TASK DETAILS>
Using the data below, restate exactly every line from the one with "2022 VOLKSWAGEN TIGUAN" up to and including the one with "7100 Highland Court, Eden Prairie, MN 55346". No picture belongs in it.

MATERIAL TO PROCESS>
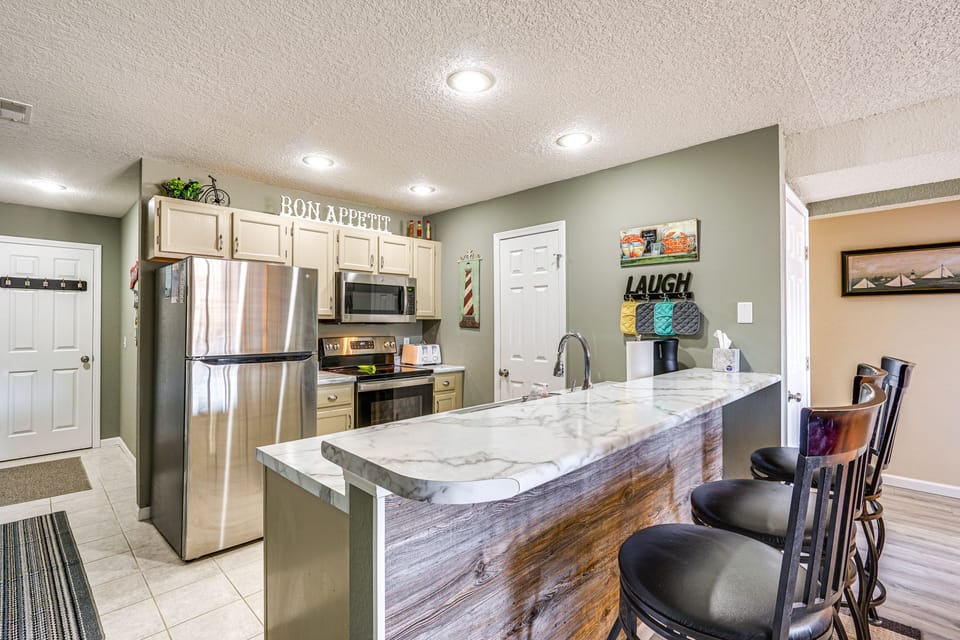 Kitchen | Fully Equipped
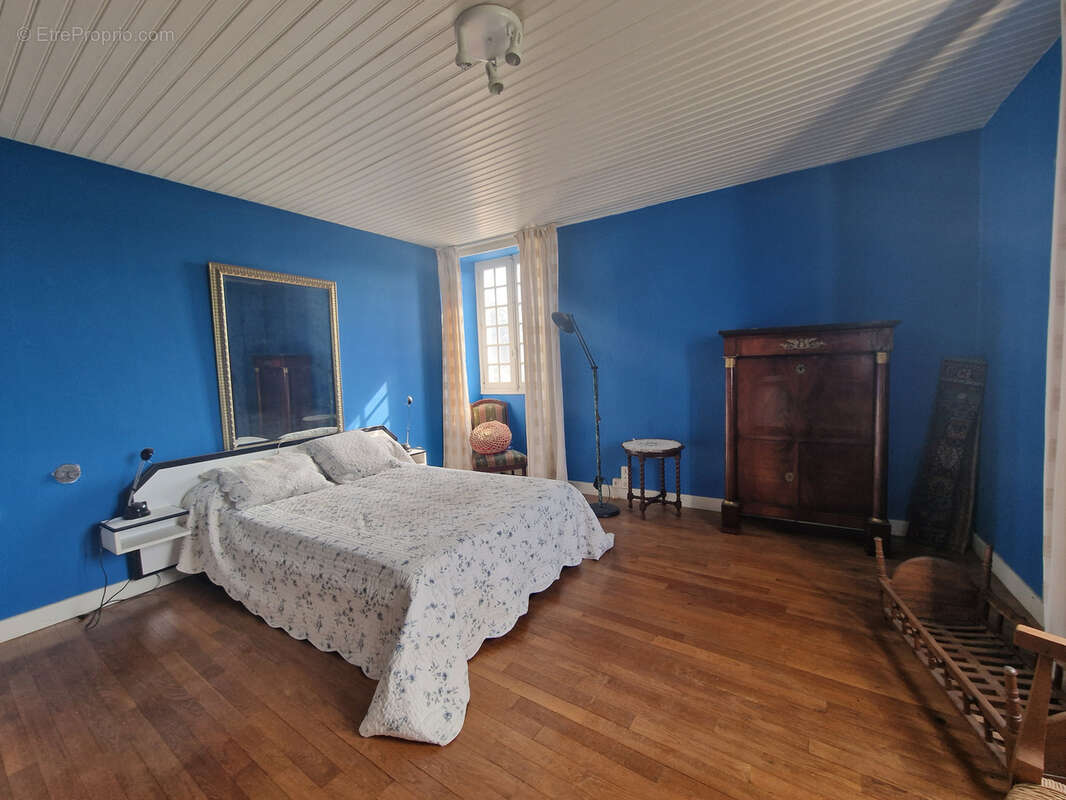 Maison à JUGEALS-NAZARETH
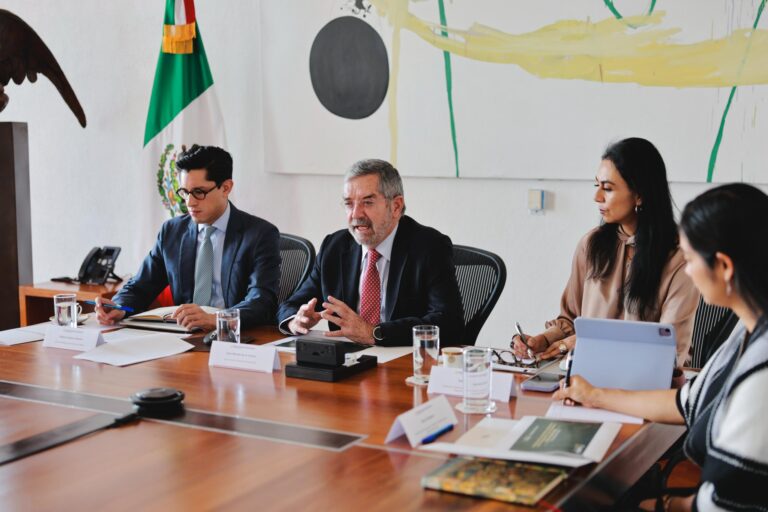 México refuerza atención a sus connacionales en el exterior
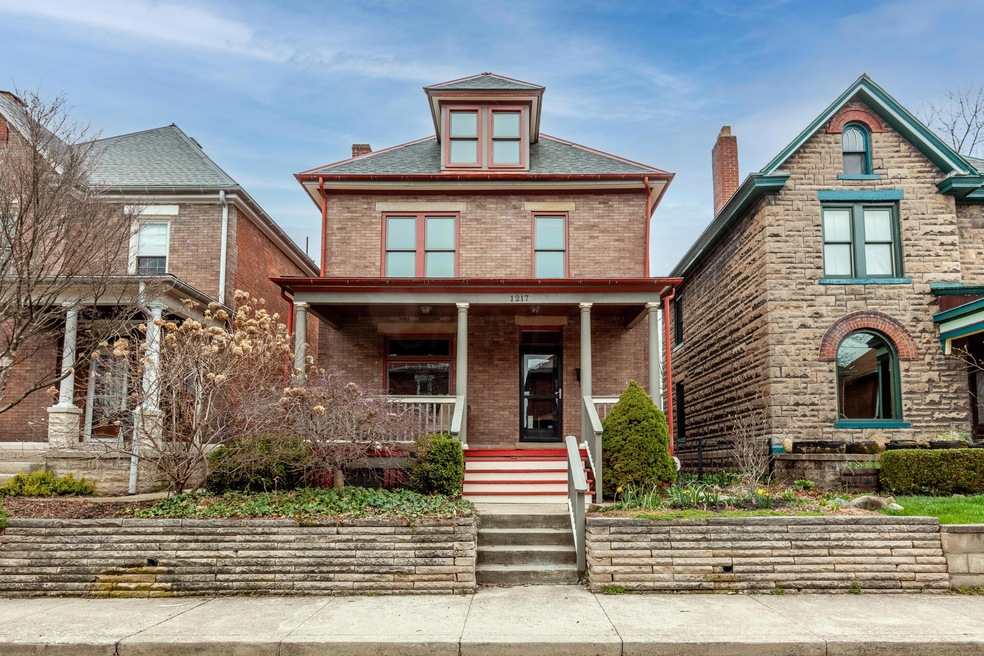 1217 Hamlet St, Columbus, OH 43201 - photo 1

---

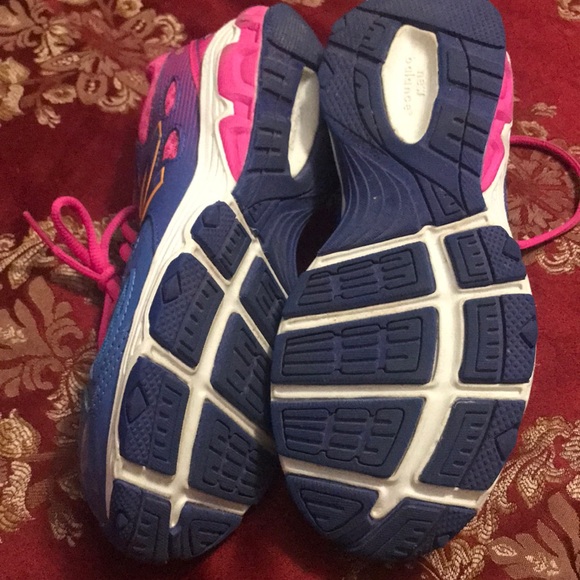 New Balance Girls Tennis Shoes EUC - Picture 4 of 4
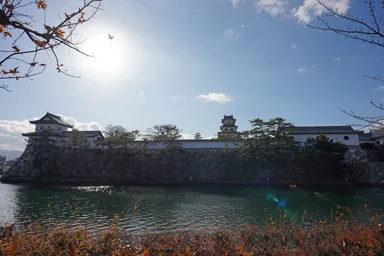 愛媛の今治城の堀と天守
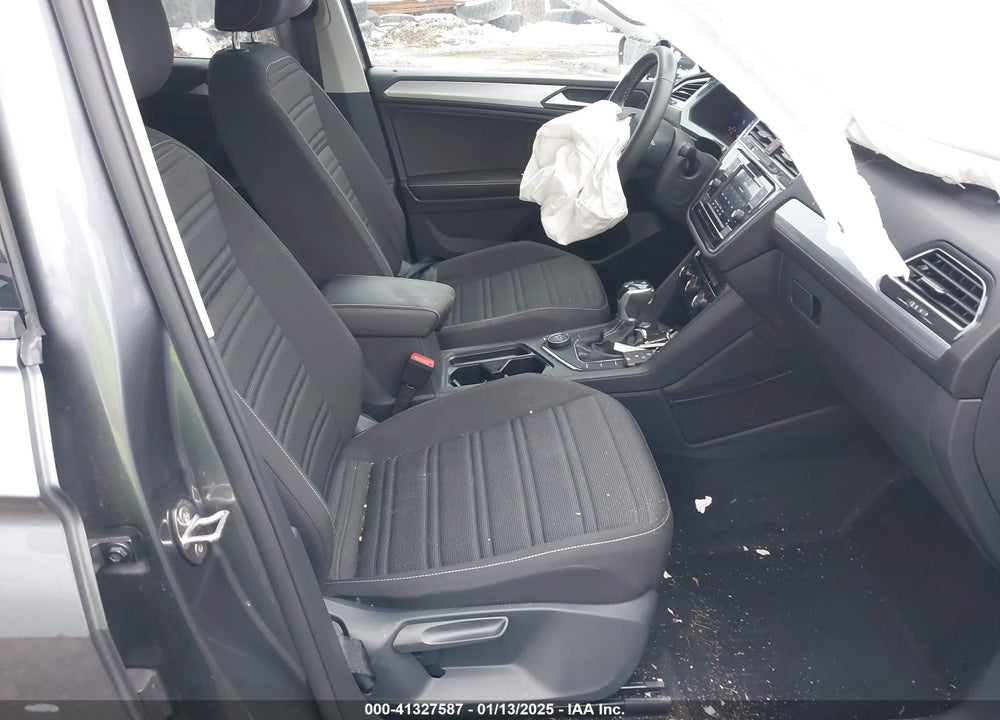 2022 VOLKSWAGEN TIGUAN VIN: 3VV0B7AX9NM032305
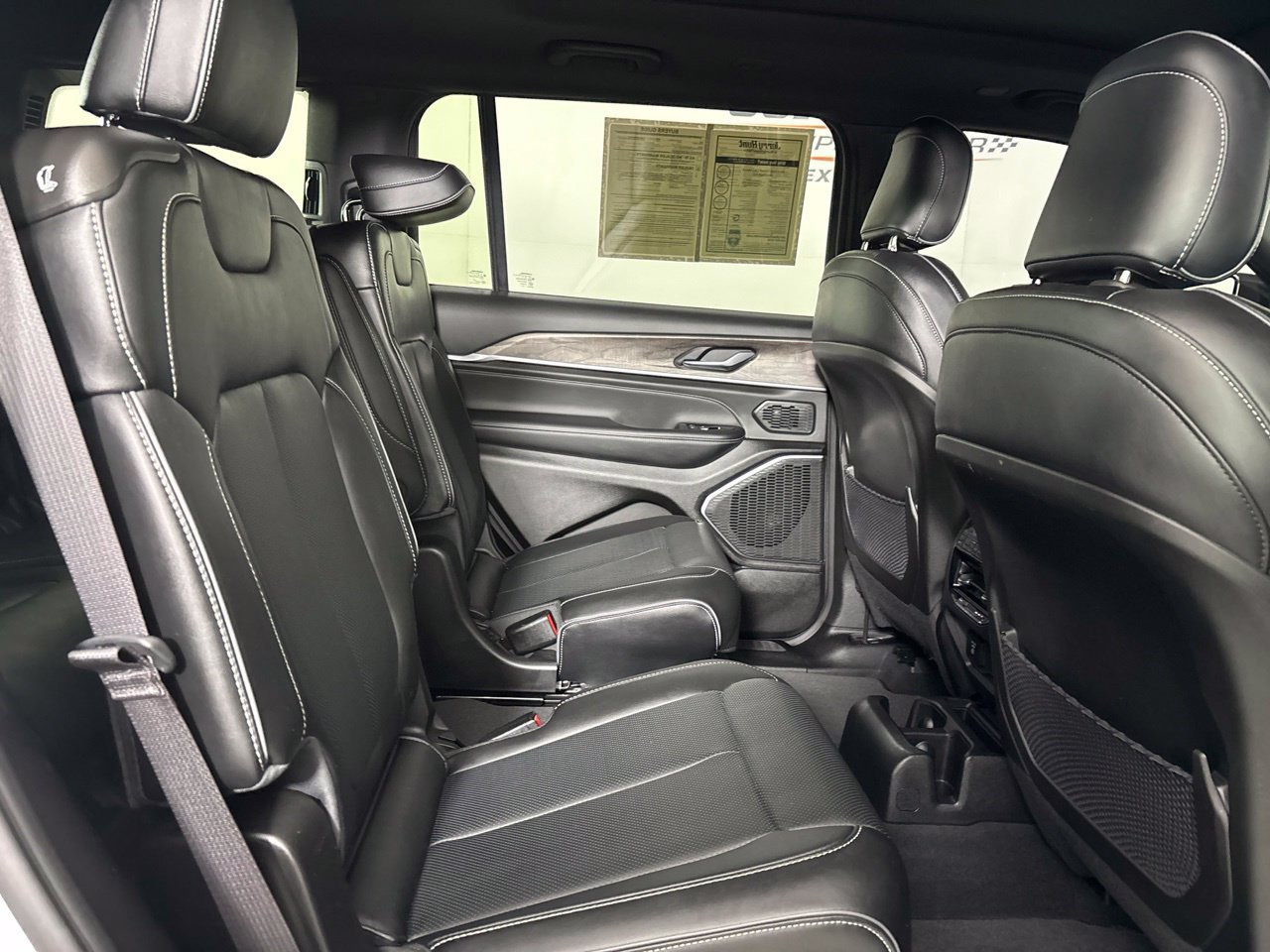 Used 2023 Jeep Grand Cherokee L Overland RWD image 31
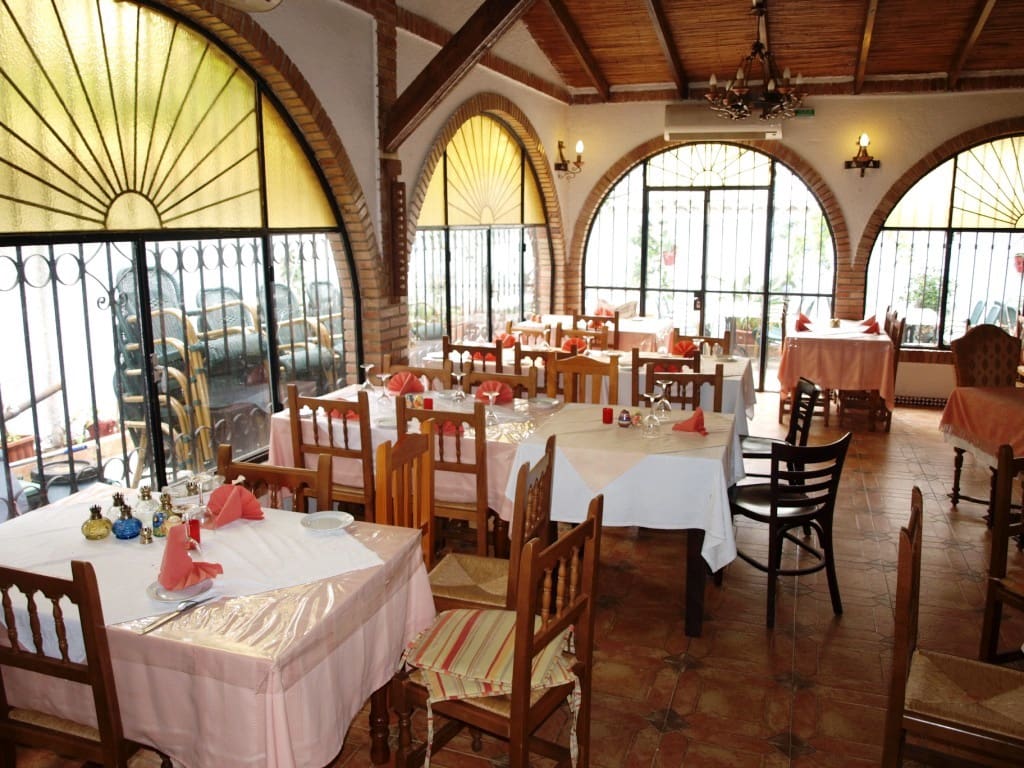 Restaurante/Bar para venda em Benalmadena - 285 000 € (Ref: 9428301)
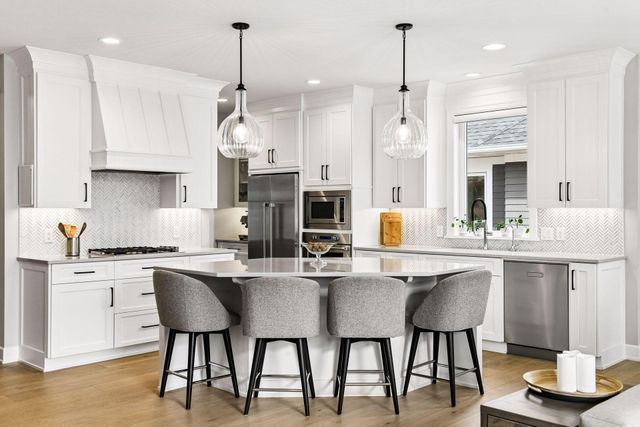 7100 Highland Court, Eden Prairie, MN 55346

SOLUTION TO THIS TASK>
 2022 VOLKSWAGEN TIGUAN VIN: 3VV0B7AX9NM032305
 Used 2023 Jeep Grand Cherokee L Overland RWD image 31
 Restaurante/Bar para venda em Benalmadena - 285 000 € (Ref: 9428301)
 7100 Highland Court, Eden Prairie, MN 55346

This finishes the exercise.